Public schools: bursting at the seams with unhappy students; containing dingy cafeterias with inconsumable lunches; hosting incompetent teachers who could care less about the well-being of future generations.
For some reason, public schools get a pretty bad rap. Perhaps it’s based on the past experiences of parents who were not given attention in grade school. Maybe the research done on public schools is primarily in urban areas, where many other factors contribute to the poor education that eclipses the lives of our children. It’s possible that too many people watched the highly publicized documentary “Waiting for ‘Superman’” in 2010.
Regardless, it’s no wonder Johnson City is planning the development of a charter school in the downtown area for parents who are dissatisfied with their children’s public education. However, where is the proof that charter schools are so much better?
There isn’t much. In 2013, The Center for Research on Education Outcomes at Stanford University conducted a study on national charter schools. In comparison to regular public schools across the country, the study shows that 56 percent of students saw no growth after transferring to charter. Only 25 percent considered themselves better off than they were, and the final 19 percent found their charter school to be significantly worse for the wear. Furthermore, the same study shows that if a new charter school is not successful in the first year, it is unlikely to survive.
Charter schools, especially when under private ownership, function more as a business than an educational institution. According to the Department of Education’s most recent Schools and Staffing Survey in 2013, the average charter school teacher has only two years of experience in the field. Hiring committees typically go after younger, less experienced teachers who are willing to work for a smaller salary than at public schools.
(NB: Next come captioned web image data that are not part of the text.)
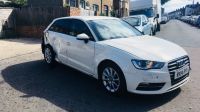 2014 Audi A3 SE 1.6 TDi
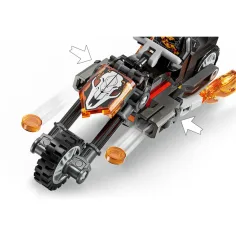 imagen de LEGO® Marvel: Spider-Man contra el motorista Fantasma (76335) 3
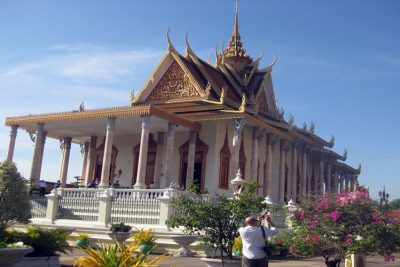 Royal Residence phnom-penh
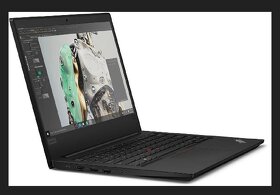 Lenovo ThinkPad E490 i7,16GB RAM DDR4,256+1000 Gb - 12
This, combined with the student tuition, enables the private owner to turn a significant profit by the end of the year, regardless of test scores.
Charter schools typically have a highly selective application process. Although some committees consciously accept demographic minorities into programs, it is highly likely that the results in Johnson City may be skewed, seeing as only 60 students are to be accepted in the first year. The Civil Rights Project of UCLA notes that the average charter school has only about 10 percent diversity. Conversely, when public schools are required to accept all walks of life into their institutions, the classrooms become a realistic model for the world, rich in diversity. This forces children to interact with people who are different from them, as they will be sure to do in adulthood. This is a severe consequence of charter schools that must not be overlooked.
The lack of liberal arts opportunities in charter schools is a big blow to many students. While federal reforms have limited the amount of spending set aside for the arts, public schools in East Tennessee have persistently fought to keep their music and art programs. Charter schools do not include such opportunities at all. Extracurricular activities must be sought outside of school, where students must often pay additional fees. For students who are not suited to enter the STEM (science, technology, engineering and mathematics) field, charter schools are surely not an ideal option.
That being said, the argument behind charter schools is strong. When charter schools are highly selective, the class size shrinks, therefore lowering the teacher-to-student ratio. On top of this, the charter school in Johnson City is intended to provide a route to specialized learning for students interested in entering the science field in the future. Tennessee public schools have struggled to promote their STEM programs in the past, and separating a number of students from their peers to enroll in a stand-alone academy could be the answer.
Charter schools are great for a very select group of students. Unfortunately for advocates of these programs, education in the United States needs to be inclusive and diverse.